The Kill Team è una pellicola che ci trascina di nuovo negli orrori della guerra, in quegli angoli di mondo dove la giustizia e il senso morale devono sottostare alle specifiche condizioni di vita di questi soldati che sono allontanati da tutto e da tutti, che si trovano in un luogo che sembra essere diviso dal mondo stesso e nel quale devono di nuovo imparare a vivere e, soprattutto, convivere con se stessi. Il regista Dan Krauss si mostra senz'altro abile nel raccontare questa difficoltà dirigendo un film che non si adagia mai su facili sentimentalismi o su ricatti emotivi che potessero spingere lo spettatore a scegliere una fazione. Andrew Briggman è un personaggio nel quale è facile immedesimarsi per tutti i dubbi che lo attanagliavano, per la paranoia che lo segue e per quel sentimento di essere davvero solo a combattere contro i Golia che la guerra ha forgiato e, in qualche modo, giustificato.
Ed è proprio nella "freddezza" con cui vengono trattati i crimini di guerra e le minacce che subisce il protagonista che si deve ricercare la parte più riuscita del film.
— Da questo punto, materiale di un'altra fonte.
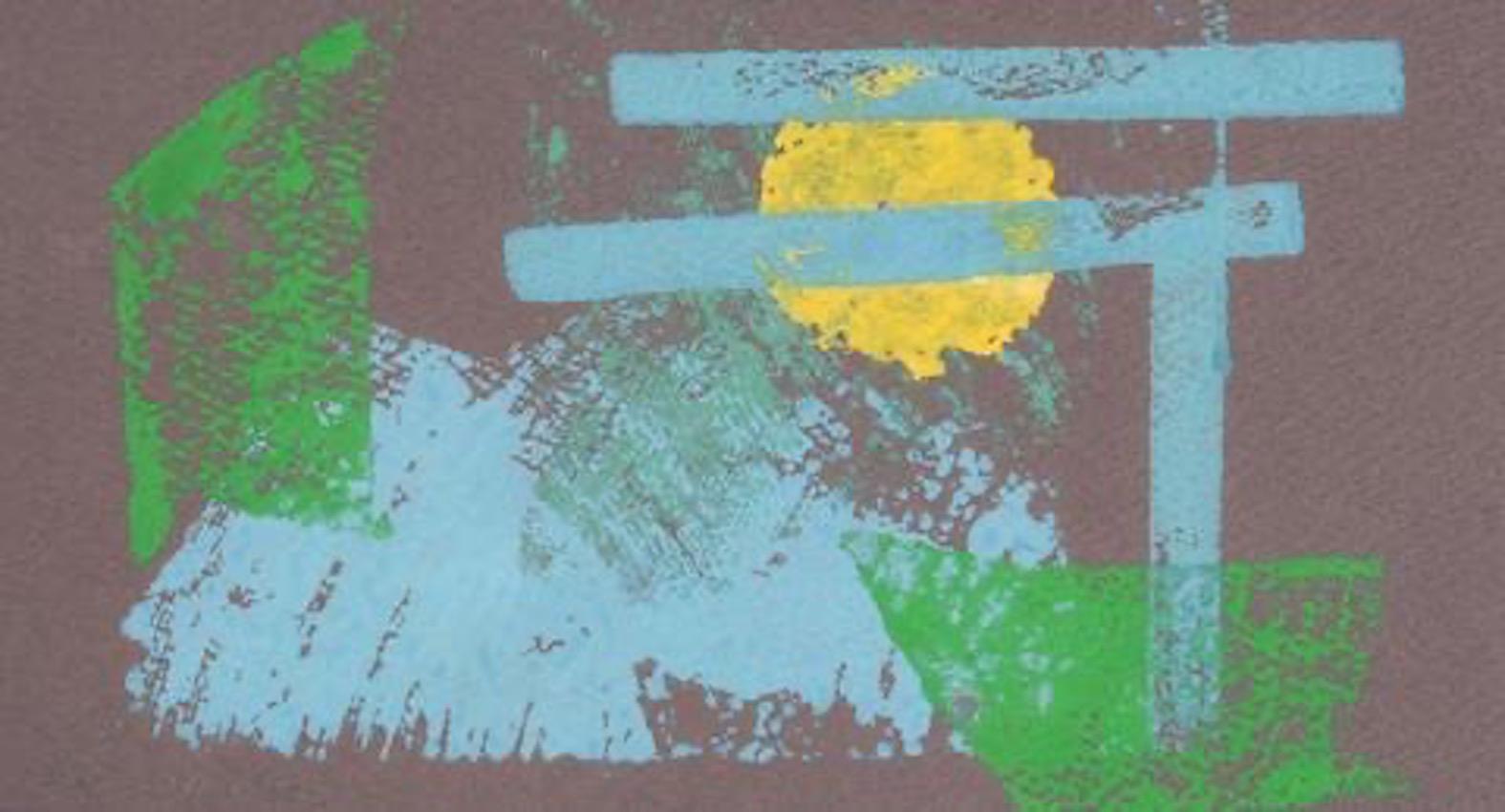 Carol Cunningham Abstract Print - Blue, Green, & Yellow Abstraction 1960-70s Monotype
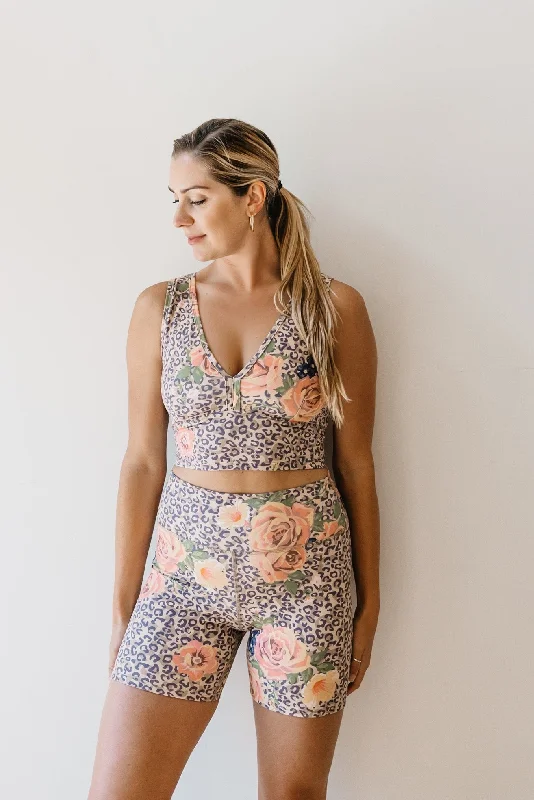 Yoga Shorts for Support and Comfort -Swaay Shorts - Wild Rose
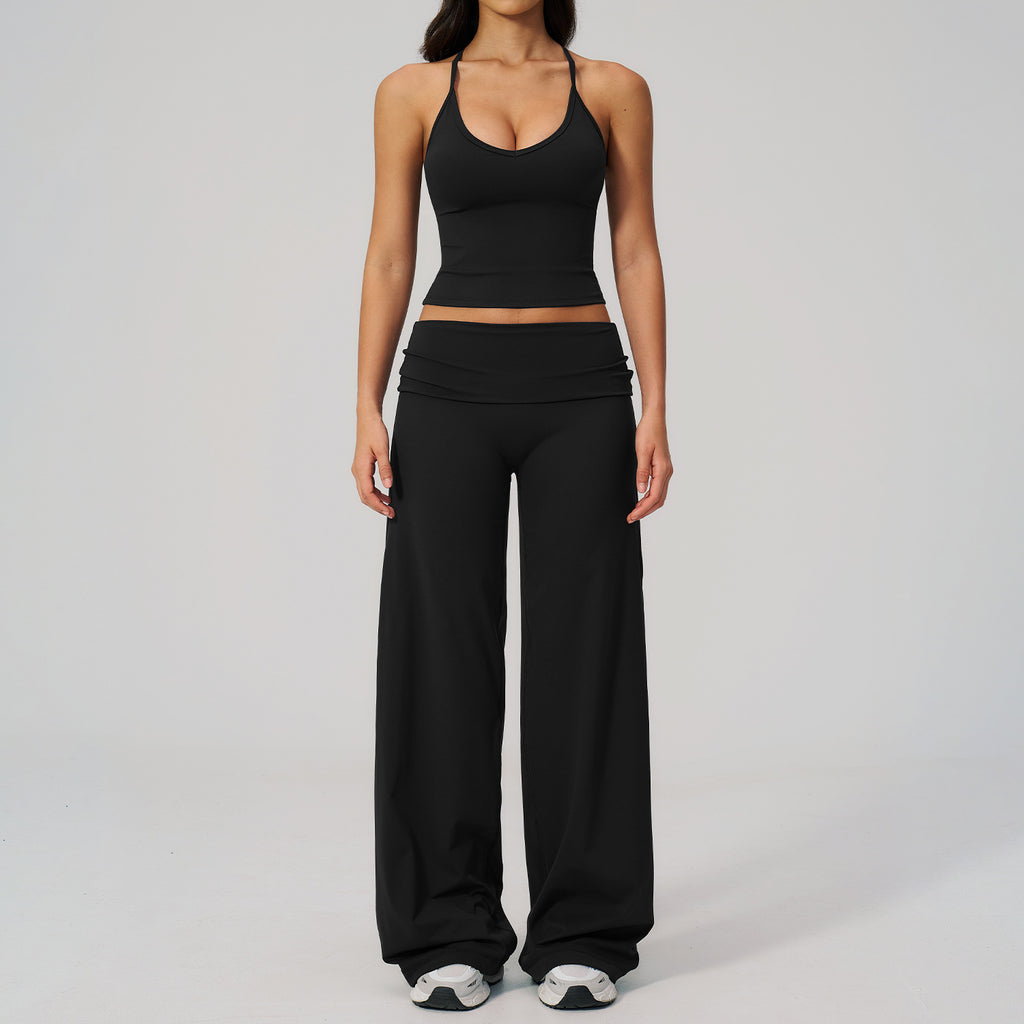 Women's Racerback Yoga Set with Wide-Leg Pants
Una qualità che probabilmente deriva dall'esperienza del regista in ambito documentarista: Dan Krauss non si limita a raccontare una storia basata su eventi reali, ma spinge per farci sentire quanto reali siano davvero, quanto abbiano rischiato di cambiare il corso della vita di persone all'interno di una guerra che è piena di crepe e angoli bui. Questo fa sì che tutti i personaggi abbiano un doppio lato, una doppia anima piena di sfumature che non li rendono mai completamente buono, né mai del tutto cattivi. Si arriva ad odiare Andrew per i dubbi che prova, allo stesso modo in cui ci si trova a sorridere quando si vede Deeks parlare con il figlio. Dan Krauss mette in scena un teatro dell'orrore scegliendo però di rimanere fortemente ancorato alla vita e alla realtà, senza troppi fronzoli. E il risultato è una cavalcavata inquietante verso la risoluzione, attraverso la sempre maggiore presa di consapevolezza del nostro protagonista.